Jiří Toman (5 November 1938 – 20 April 2020) was a Czech-born Swiss jurist and professor. He was an expert in the field of international law. From 1992 to 1998, he directed the Henry-Dunant Institute in Geneva, which he had joined in 1969. From 1998 to 2018, Toman was a professor at the Santa Clara University School of Law.

==Biography==
Toman studied law at Charles University in Prague from 1956 to 1961, where he obtained a doctoral degree in 1966. He also studied at the Graduate Institute of International and Development Studies from 1965 to 1970, where he obtained a doctorate in political science in 1981. His thesis was on the Soviet Union and the law of armed conflict.

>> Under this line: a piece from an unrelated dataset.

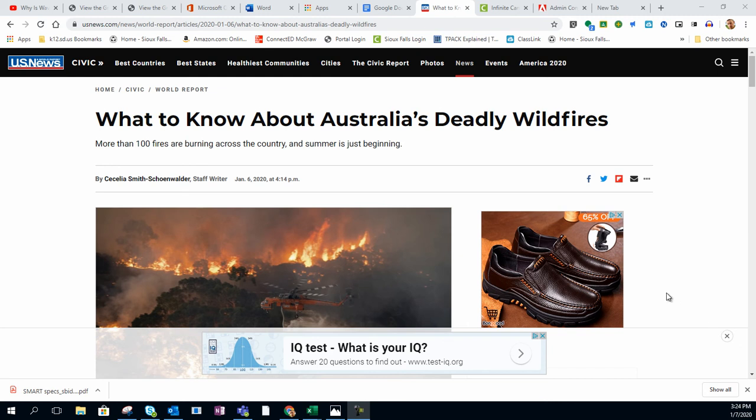In a previous tutorial, I discussed how to use Microsoft's Immersive Reader within the Office 365 Suite. Today I'm going to show you how to use Microsoft's Immersive Reader tools on things other than the Office 365 Suite, such as this web page.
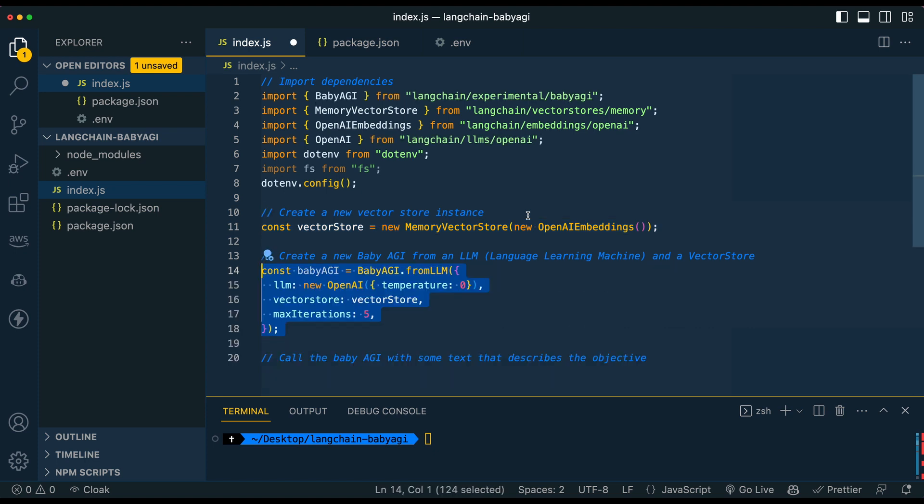Then the next thing that we're going to do is we're just going to create our new Baby AGI instance. And it's as simple as this. In this case, like I mentioned, we're going to use OpenAI's model for this, but you can use other models if you want. We're going to use our vector store like we have declared above and like I just talked about.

From 1969 to 1972, Toman was a research fellow at the Henry-Dunant Institute. He was a research director from 1972 to 1979, assistant director from 1979 to 1992, and director from 1992 to 1998. He was a consultant to several United Nations bodies in the 1980s, notably for UNESCO from 1983 to 1988.

Toman often taught at universities, teaching at several in Prague from 1962 to 1970. From 1977 to 1980, he was a lecturer at the University of Franche-Comté in Besançon, where he taught international humanitarian law. He was a visiting professor at the University of Santa Clara in California from 1982 to 1989, and at Georgetown University in 1984. He taught at the Santa Clara University School of Law from 1998 to 2018. He was then a visiting professor at Danube University Krems in Austria.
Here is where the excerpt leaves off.